For those investors craving more information, let’s say leverage, or at least potential leverage, is the prime reason an investor would be interested in warrants.  The owner of the warrant receives none of the benefits of ownership of the common stock of a company.  He cannot vote, and he does not receive any cash dividends.  Why would an investor want to buy an option (warrant) to buy something instead of buying the thing itself?

The essence of the answer is that the anticipated gain on the warrant must be greater than the anticipated gain on the common stock.  This more rapid growth in the value of the warrant relative to the common stock is called leverage.

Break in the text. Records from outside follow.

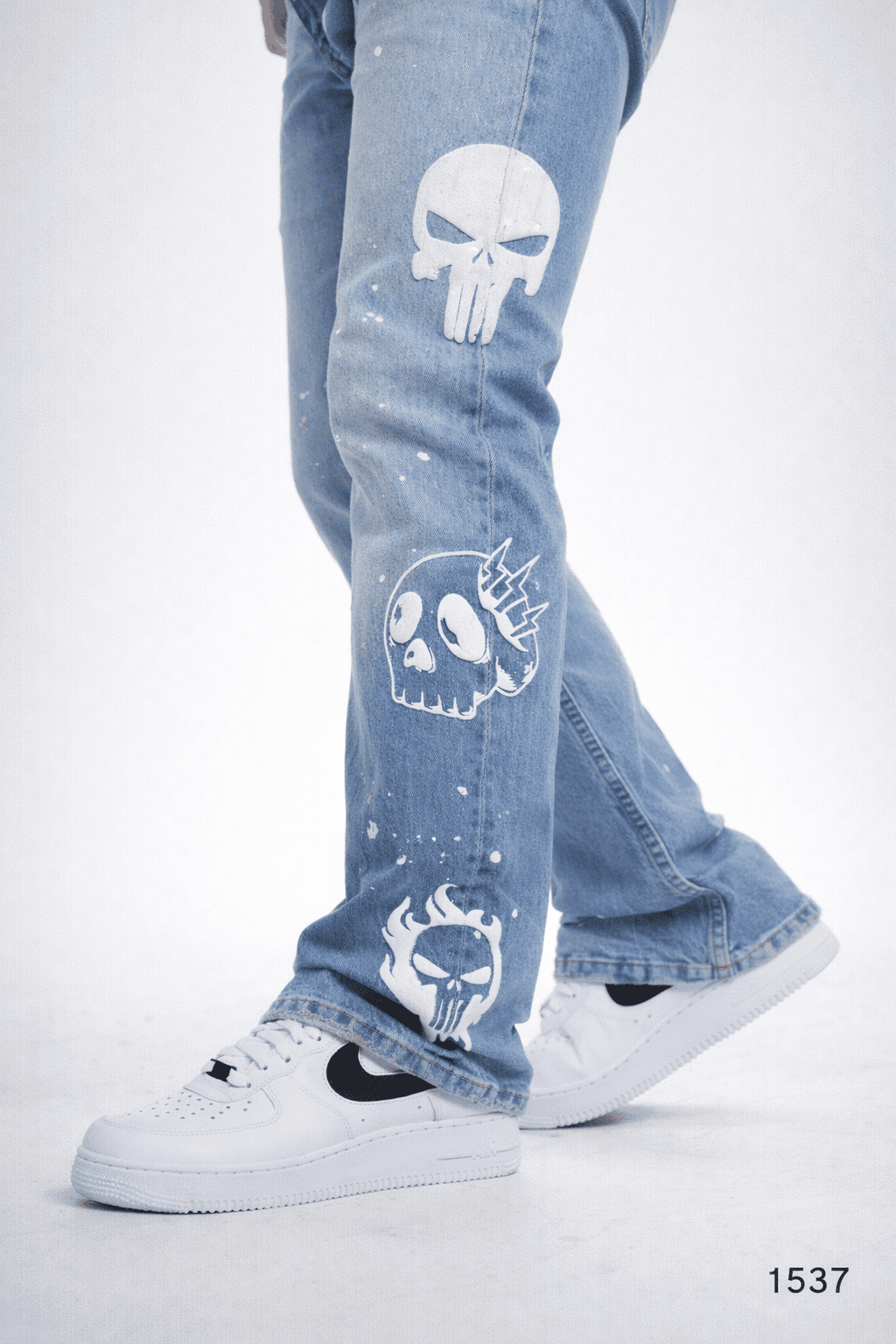 Skull Print Jeans – Light Blue Wash gallery.thumbnail 2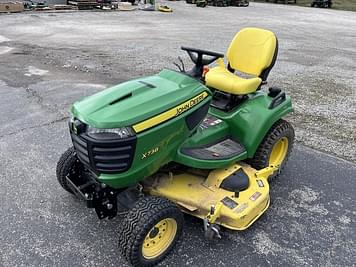 Main image John Deere X738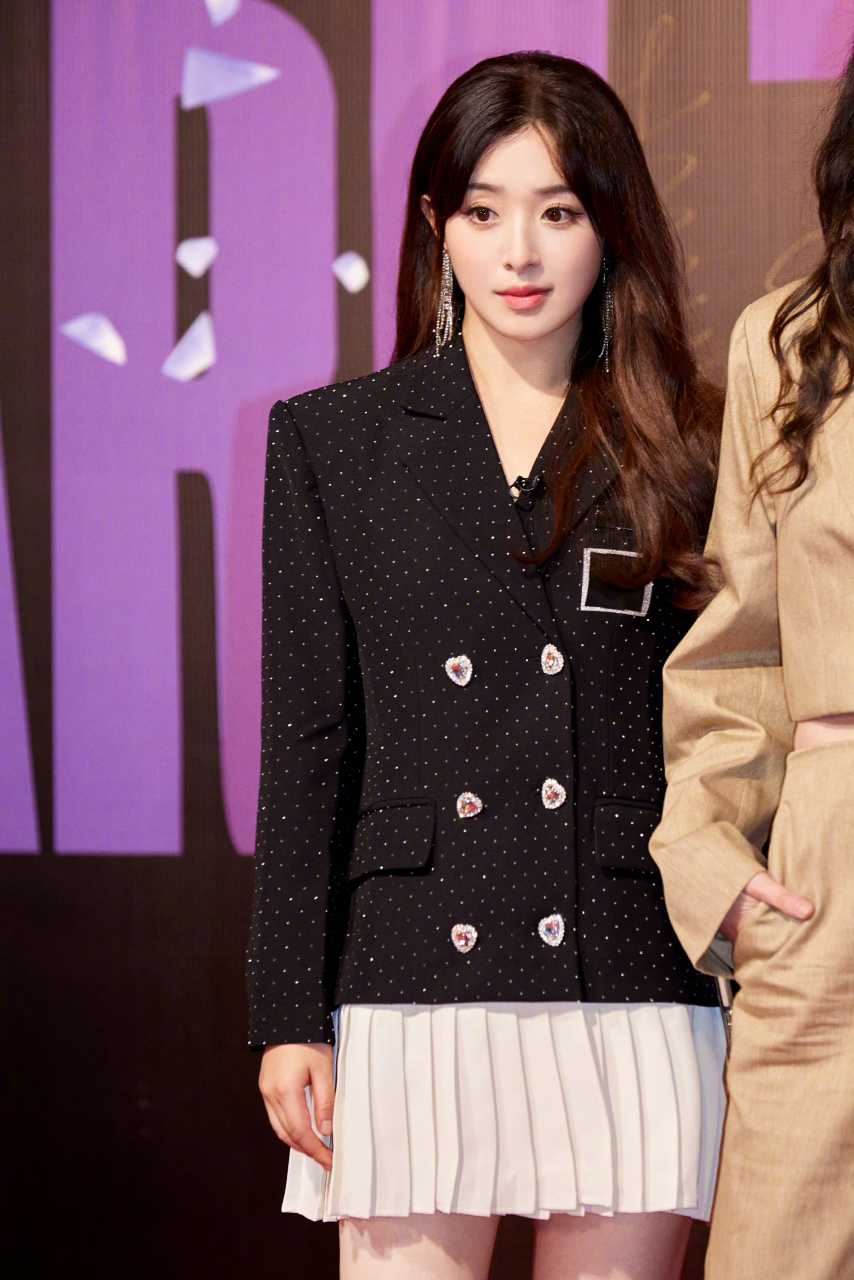 张含韵造型好仙# 张含韵黑色西装外套77白色百褶裙,姐姐好漂亮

The advantage that a warrant offers the investor is leverage, that is, a greater gain than would be possible with an equal investment in the common stock.  Without this possibly of such leverage the investor would buy the common stock.

Pricing of warrants:

No one would purchase and exercise a warrant when we can buy the common stock for a price that is less than the exercise price of the warrant.

Minimum price of a warrant;

What will be the minimum price that an investor may be able to pay for a warrant?  The answer is the theoretical value of the warrant, the warrant’s intrinsic value as an option.  This intrinsic value is the price of the common stock minus the per share exercise price of the warrant.  If the common stock is selling for a price greater than the per share exercise price of the warrant, the warrant has some positive theoretical value.  If the common stock is selling for a price that is less than the per share exercise price of the warrant, the warrant has no real value as an option.

The theoretical value of a warrant considers only the intrinsic value of the warrant as an option.  It does not consider the possibility of leverage that the warrant may offer the investor.  It is this possibility of leverage as well as the theoretical value of the warrant that influences the market price of the warrant.

Since the investor gets both the theoretical value of the option and the potential leverage that the option offers, the market price of a warrant usually exceeds its theoretical value.

Let’s show you this in an example:

If a warrant were the option to buy common stock for $20 a share and the shares were currently selling for $30, then the theoretical value (intrinsic value) of the warrant is $10.  Why is $10 the lowest possible price for this warrant?  The answer is that if the market price of the warrant were less than $10, there would exist an opportunity to arbitrage, and the act of arbitrage would drive the price of the warrant to its theoretical value.

The professional arbitragers will guarantee that the market price of a warrant cannot remain for any length of time below its theoretical value.

Summary:

An investor may purchase a warrant which is the option (the right) to purchase the common stock of a company.  He may prefer to purchase the warrant instead of the common stock because the warrant offers more potential gain, that is, the warrant offers the investor leverage.

Premium

What effect does the premium have on the potential leverage that the warrant offers?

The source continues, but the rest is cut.